The code looks remarkably like that for lazy evaluation, t2. Complex producers and consumers are built by literally composing previously written components. There is clearly code reuse. Unlike the lazy evaluation code t2, we read from a file, and we definitely close the file as soon as the result is obtained.

Our generators are intentionally simple. They are asymmetric, one-shot, implicit suspensions. They are asymmetric because yield only passes data into the context without accepting anything from it. Simple generators are one-shot since the computation suspended by yield can be resumed only once. Unlike delimited control operators, simple generators do not explicitly capture their context as a first-class object. For these reasons, simple generators are limited in expressiveness. For example, two simple generators cannot run side-by-side; we cannot solve the same fringe problem with simple generators. But they are very easy to implement: simple generators are essentially restartable exceptions. Their implementation in Haskell is trivial, directly following from the equational specification.

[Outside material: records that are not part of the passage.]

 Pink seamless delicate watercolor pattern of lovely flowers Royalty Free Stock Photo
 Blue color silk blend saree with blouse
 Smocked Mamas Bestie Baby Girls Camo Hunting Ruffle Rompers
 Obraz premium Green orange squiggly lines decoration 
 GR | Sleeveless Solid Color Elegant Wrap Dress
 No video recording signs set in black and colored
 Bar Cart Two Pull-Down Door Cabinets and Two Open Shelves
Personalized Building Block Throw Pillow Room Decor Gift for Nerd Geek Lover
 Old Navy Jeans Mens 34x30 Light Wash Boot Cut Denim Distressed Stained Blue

    type GenT e m = ReaderT (e -> m ()) m
    
    yield :: Monad m => e -> Producer m e
    yield e = ask >>= \foreach -> lift $ foreach e
    
    runGenT :: Monad m => Producer m e -> Consumer m e -> m ()
    runGenT m f = runReaderT m f

Simple generators were first introduced in 1975 in the programming language CLU (where they are called iterators). In CLU, yield amounts to a regular function call: ``a yield effectively calls the loop body, which returns to the iterator when it is finished. Imposing the limitations on iterators was done to get the efficient, single stack implementation, albeit at the expense of some expressive power.'' (Barbara Liskov: A History of CLU). The CLU implementation was the inspiration for our Haskell library of simple generators, which are likewise lightweight. The insight of the CLU implementation is yield calling the consumer as a regular function, which it must have obtained from the environment.

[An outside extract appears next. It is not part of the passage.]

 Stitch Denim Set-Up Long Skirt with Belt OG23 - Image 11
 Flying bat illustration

We have shown how simple generators decouple data producers and consumers in a (embedded) strict language, and how simple they are and easy to implement. Aren't they too simple? Quite surprisingly, they turn out expressive enough for the notorious pretty-printing problem.

Version

The current version is December 2012

References

Generators: the API for traversal and non-determinism
Generators in general

GenT.hs [4K]
The interface and implementation for simple generators

Y4.hs [6K]
Running example from the APLAS paper (tab expansion) and simple illustrative examples of generators and transducers

Y1.hs [13K]
A more detailed and slow derivation of simple generators and an example of repmin-like problem (tree traversals) implemented with simple generators

Simple generators in OCaml

The programming style of simple generators, which unbundles data consumers and producers and promotes modularity and compositionality, can be realized in many languages, strict or lazy. In fact, simple generators were first introduced in a strict language, CLU, as mentioned earlier. Here we show the implementation in OCaml. It is simple to the point of triviality. To convince ourselves, we derive it in detail. However trivial, simple generators are up to solving the thorny linear pretty-printing problem.

The running example (the same as in the PPYield paper) is tab expansion: to read and print a file expanding all tabs. We do not assume the file is made of lines of bounded width. We implement two tab expansion algorithms -- naive and more sophisticated -- keeping an eye on the ease of replacing one with the other.

We start with an analogue of non-strict (lazy) evaluation in OCaml: sequences, provided by the Seq standard library module. If the input stream is char Seq.t, the following function naively expands its tabs: replacing each tab character with 8 spaces:

    let rec tabX0 : char Seq.t -> char Seq.t = fun s ->
      let open Seq in
      match uncons s with
      | None -> empty
      | Some ('\t',rest) -> append (init 8 (Fun.const ' ')) (tabX0 rest)
      | Some (c,rest)    -> cons c @@ tabX0 rest

The more sophisticated version adds spaces up to the next tab stop (multiple of 8). It needs local state, for the current position.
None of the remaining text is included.